-- Information follows --

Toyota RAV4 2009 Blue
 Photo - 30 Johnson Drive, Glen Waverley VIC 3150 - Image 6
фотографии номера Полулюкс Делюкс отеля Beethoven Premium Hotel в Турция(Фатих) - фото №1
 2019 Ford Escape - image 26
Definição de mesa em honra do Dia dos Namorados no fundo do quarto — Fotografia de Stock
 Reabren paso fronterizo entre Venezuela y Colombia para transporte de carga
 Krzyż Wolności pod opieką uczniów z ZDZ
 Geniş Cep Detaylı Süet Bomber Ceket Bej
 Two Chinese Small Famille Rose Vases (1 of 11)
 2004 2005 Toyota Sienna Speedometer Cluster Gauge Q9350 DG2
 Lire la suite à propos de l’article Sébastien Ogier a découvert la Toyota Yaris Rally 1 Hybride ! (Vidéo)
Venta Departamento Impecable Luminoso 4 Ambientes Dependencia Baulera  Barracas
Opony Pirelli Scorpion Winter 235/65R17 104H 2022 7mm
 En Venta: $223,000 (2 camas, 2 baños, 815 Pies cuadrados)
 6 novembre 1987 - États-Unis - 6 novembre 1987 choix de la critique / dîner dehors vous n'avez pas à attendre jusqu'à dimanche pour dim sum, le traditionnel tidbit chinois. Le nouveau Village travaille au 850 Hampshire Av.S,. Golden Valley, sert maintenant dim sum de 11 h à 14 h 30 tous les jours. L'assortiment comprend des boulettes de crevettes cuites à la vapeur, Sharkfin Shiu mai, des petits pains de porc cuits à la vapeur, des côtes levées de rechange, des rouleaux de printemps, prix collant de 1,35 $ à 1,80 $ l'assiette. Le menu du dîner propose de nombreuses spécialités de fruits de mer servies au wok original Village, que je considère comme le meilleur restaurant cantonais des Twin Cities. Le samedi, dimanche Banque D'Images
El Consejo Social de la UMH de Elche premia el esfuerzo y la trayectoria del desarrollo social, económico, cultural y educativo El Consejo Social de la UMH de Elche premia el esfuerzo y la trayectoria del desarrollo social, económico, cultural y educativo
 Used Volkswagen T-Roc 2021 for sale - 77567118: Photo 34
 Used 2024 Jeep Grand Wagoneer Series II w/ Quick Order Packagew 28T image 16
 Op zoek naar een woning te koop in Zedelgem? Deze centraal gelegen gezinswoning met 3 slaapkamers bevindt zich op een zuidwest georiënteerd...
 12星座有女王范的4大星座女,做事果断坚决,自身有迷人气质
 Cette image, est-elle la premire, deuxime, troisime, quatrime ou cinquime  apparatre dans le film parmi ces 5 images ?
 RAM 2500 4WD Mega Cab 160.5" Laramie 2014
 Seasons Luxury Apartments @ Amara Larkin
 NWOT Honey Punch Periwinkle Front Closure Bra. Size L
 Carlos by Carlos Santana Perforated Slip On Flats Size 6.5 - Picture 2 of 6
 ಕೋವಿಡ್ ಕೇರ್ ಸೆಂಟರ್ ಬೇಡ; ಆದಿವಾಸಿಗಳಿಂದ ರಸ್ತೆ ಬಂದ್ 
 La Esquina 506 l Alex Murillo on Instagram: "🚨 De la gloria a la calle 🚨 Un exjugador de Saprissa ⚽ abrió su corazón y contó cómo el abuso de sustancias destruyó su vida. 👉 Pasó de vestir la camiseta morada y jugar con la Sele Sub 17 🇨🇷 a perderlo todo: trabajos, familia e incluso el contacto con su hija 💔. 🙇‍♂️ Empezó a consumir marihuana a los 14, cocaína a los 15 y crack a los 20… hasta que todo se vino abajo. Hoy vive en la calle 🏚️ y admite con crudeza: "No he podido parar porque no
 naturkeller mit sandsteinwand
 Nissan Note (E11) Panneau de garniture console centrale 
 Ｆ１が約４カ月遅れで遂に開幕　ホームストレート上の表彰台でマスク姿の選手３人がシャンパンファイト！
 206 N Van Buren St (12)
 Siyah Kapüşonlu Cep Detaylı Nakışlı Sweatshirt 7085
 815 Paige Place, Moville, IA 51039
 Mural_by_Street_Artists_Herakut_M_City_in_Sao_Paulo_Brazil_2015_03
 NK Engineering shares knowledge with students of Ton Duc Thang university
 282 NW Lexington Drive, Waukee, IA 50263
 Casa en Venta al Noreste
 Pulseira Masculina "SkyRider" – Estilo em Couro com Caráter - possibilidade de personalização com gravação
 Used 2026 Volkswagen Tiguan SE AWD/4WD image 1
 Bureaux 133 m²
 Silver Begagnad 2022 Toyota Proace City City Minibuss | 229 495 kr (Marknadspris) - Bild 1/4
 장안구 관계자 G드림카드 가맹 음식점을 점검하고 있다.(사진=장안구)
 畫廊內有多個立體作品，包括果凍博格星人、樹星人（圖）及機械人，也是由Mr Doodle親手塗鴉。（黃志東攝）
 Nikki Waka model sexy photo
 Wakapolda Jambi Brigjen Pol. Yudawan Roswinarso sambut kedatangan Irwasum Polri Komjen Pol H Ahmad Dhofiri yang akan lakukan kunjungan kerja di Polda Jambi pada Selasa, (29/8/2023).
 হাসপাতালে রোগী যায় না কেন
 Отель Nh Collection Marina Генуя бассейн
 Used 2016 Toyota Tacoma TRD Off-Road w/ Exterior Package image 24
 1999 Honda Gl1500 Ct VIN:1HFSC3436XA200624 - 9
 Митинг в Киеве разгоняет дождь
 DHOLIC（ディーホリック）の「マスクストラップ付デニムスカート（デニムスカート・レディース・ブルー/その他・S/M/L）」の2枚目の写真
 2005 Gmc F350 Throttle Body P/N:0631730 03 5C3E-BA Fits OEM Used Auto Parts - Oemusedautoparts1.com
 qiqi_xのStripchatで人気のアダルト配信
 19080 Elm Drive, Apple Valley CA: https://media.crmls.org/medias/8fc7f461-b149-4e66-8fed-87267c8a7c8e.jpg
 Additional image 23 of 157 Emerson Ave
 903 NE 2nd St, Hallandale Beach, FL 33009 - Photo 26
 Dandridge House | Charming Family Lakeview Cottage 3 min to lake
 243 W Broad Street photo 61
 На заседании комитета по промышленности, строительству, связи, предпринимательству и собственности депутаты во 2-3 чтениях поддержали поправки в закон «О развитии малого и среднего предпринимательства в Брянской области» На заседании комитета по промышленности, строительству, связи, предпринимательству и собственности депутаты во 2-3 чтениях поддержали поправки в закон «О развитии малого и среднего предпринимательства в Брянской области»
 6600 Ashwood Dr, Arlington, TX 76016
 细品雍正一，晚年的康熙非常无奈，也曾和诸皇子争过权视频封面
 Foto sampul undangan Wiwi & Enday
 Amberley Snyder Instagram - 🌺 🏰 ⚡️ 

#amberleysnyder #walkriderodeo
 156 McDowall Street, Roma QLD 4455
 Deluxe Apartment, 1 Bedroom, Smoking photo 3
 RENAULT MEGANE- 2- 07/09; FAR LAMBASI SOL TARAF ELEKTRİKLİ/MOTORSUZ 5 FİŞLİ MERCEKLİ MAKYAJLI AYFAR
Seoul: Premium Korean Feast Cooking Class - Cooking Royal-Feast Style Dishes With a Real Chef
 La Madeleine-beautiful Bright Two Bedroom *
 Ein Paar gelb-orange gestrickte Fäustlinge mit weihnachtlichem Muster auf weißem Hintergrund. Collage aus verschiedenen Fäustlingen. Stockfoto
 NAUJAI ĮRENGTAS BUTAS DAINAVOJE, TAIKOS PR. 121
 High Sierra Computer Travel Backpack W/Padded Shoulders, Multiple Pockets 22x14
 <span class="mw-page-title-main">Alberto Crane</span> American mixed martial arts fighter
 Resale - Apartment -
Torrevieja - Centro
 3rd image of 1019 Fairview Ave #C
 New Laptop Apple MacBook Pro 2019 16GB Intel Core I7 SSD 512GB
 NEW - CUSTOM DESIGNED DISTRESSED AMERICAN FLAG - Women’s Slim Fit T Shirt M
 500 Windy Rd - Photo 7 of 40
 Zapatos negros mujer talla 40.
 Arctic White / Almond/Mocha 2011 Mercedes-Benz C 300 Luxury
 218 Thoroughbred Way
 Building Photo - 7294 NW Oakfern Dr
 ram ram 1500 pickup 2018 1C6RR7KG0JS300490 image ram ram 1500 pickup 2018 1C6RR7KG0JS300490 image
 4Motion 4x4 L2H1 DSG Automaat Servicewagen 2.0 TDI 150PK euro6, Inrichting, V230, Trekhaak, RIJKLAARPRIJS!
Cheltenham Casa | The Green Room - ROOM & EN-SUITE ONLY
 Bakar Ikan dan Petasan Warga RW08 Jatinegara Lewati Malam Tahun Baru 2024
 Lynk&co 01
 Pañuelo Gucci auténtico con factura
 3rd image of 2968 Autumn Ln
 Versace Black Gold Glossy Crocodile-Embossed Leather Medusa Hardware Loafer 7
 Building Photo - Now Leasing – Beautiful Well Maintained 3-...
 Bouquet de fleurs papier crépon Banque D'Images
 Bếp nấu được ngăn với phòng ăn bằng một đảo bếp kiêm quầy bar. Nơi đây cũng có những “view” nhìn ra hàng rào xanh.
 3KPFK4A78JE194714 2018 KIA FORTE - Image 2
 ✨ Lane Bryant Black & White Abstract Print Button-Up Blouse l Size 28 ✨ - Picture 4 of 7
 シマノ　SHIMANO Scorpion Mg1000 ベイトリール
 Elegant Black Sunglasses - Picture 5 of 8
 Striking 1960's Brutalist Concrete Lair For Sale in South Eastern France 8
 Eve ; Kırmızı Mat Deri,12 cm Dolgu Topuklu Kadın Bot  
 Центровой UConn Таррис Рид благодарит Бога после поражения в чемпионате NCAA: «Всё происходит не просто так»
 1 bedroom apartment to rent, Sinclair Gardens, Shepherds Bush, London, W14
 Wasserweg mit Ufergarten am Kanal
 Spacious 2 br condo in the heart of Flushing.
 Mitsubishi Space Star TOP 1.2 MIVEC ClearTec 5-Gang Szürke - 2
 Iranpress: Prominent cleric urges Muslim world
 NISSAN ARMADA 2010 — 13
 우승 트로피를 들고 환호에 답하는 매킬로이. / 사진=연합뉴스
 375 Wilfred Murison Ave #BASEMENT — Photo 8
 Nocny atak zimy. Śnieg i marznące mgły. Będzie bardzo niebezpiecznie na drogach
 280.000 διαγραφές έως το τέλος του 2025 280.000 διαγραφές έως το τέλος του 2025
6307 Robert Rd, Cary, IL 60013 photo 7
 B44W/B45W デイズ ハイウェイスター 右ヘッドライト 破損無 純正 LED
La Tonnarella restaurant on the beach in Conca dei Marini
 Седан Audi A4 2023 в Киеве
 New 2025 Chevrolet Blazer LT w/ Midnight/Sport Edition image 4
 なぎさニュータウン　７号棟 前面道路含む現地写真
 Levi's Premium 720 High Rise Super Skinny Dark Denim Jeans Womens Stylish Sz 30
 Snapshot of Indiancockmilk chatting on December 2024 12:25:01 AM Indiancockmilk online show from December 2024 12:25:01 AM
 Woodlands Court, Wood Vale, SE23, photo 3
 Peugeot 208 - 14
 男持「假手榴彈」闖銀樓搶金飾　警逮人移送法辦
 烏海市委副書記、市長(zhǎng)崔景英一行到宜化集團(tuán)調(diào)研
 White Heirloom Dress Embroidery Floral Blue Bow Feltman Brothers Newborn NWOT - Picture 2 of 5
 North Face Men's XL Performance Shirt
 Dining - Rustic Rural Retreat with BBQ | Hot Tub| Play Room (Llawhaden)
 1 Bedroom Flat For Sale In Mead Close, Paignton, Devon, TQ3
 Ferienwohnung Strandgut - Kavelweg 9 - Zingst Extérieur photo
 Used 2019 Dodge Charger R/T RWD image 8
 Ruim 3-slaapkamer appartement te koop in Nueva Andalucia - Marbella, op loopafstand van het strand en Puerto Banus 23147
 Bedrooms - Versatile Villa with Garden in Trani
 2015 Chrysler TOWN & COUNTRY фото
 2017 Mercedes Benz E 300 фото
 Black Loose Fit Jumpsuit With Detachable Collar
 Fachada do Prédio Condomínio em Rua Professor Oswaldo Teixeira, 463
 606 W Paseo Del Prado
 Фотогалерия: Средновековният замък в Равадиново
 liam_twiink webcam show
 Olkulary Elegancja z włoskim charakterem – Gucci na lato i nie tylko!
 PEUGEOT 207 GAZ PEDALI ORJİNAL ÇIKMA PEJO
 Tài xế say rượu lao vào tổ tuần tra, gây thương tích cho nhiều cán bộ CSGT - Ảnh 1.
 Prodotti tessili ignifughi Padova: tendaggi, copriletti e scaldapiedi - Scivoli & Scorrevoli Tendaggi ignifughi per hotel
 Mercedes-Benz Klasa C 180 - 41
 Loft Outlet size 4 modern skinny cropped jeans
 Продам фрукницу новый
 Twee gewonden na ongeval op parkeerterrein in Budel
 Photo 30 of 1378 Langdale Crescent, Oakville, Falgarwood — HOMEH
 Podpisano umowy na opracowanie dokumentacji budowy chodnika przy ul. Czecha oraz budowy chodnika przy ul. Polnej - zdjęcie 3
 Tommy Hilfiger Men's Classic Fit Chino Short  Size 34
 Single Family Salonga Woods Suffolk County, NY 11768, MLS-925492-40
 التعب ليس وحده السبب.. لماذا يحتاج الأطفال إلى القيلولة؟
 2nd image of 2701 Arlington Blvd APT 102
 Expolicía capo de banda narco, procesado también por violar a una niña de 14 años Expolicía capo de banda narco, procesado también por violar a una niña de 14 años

-- Information concluded --

▸ Required work: From the first line of the data above through the line containing "Seasons Luxury Apartments @ Amara Larkin", repeat each line exactly, and add nothing.

▸ Task response:
Toyota RAV4 2009 Blue
 Photo - 30 Johnson Drive, Glen Waverley VIC 3150 - Image 6
фотографии номера Полулюкс Делюкс отеля Beethoven Premium Hotel в Турция(Фатих) - фото №1
 2019 Ford Escape - image 26
Definição de mesa em honra do Dia dos Namorados no fundo do quarto — Fotografia de Stock
 Reabren paso fronterizo entre Venezuela y Colombia para transporte de carga
 Krzyż Wolności pod opieką uczniów z ZDZ
 Geniş Cep Detaylı Süet Bomber Ceket Bej
 Two Chinese Small Famille Rose Vases (1 of 11)
 2004 2005 Toyota Sienna Speedometer Cluster Gauge Q9350 DG2
 Lire la suite à propos de l’article Sébastien Ogier a découvert la Toyota Yaris Rally 1 Hybride ! (Vidéo)
Venta Departamento Impecable Luminoso 4 Ambientes Dependencia Baulera  Barracas
Opony Pirelli Scorpion Winter 235/65R17 104H 2022 7mm
 En Venta: $223,000 (2 camas, 2 baños, 815 Pies cuadrados)
 6 novembre 1987 - États-Unis - 6 novembre 1987 choix de la critique / dîner dehors vous n'avez pas à attendre jusqu'à dimanche pour dim sum, le traditionnel tidbit chinois. Le nouveau Village travaille au 850 Hampshire Av.S,. Golden Valley, sert maintenant dim sum de 11 h à 14 h 30 tous les jours. L'assortiment comprend des boulettes de crevettes cuites à la vapeur, Sharkfin Shiu mai, des petits pains de porc cuits à la vapeur, des côtes levées de rechange, des rouleaux de printemps, prix collant de 1,35 $ à 1,80 $ l'assiette. Le menu du dîner propose de nombreuses spécialités de fruits de mer servies au wok original Village, que je considère comme le meilleur restaurant cantonais des Twin Cities. Le samedi, dimanche Banque D'Images
El Consejo Social de la UMH de Elche premia el esfuerzo y la trayectoria del desarrollo social, económico, cultural y educativo El Consejo Social de la UMH de Elche premia el esfuerzo y la trayectoria del desarrollo social, económico, cultural y educativo
 Used Volkswagen T-Roc 2021 for sale - 77567118: Photo 34
 Used 2024 Jeep Grand Wagoneer Series II w/ Quick Order Packagew 28T image 16
 Op zoek naar een woning te koop in Zedelgem? Deze centraal gelegen gezinswoning met 3 slaapkamers bevindt zich op een zuidwest georiënteerd...
 12星座有女王范的4大星座女,做事果断坚决,自身有迷人气质
 Cette image, est-elle la premire, deuxime, troisime, quatrime ou cinquime  apparatre dans le film parmi ces 5 images ?
 RAM 2500 4WD Mega Cab 160.5" Laramie 2014
 Seasons Luxury Apartments @ Amara Larkin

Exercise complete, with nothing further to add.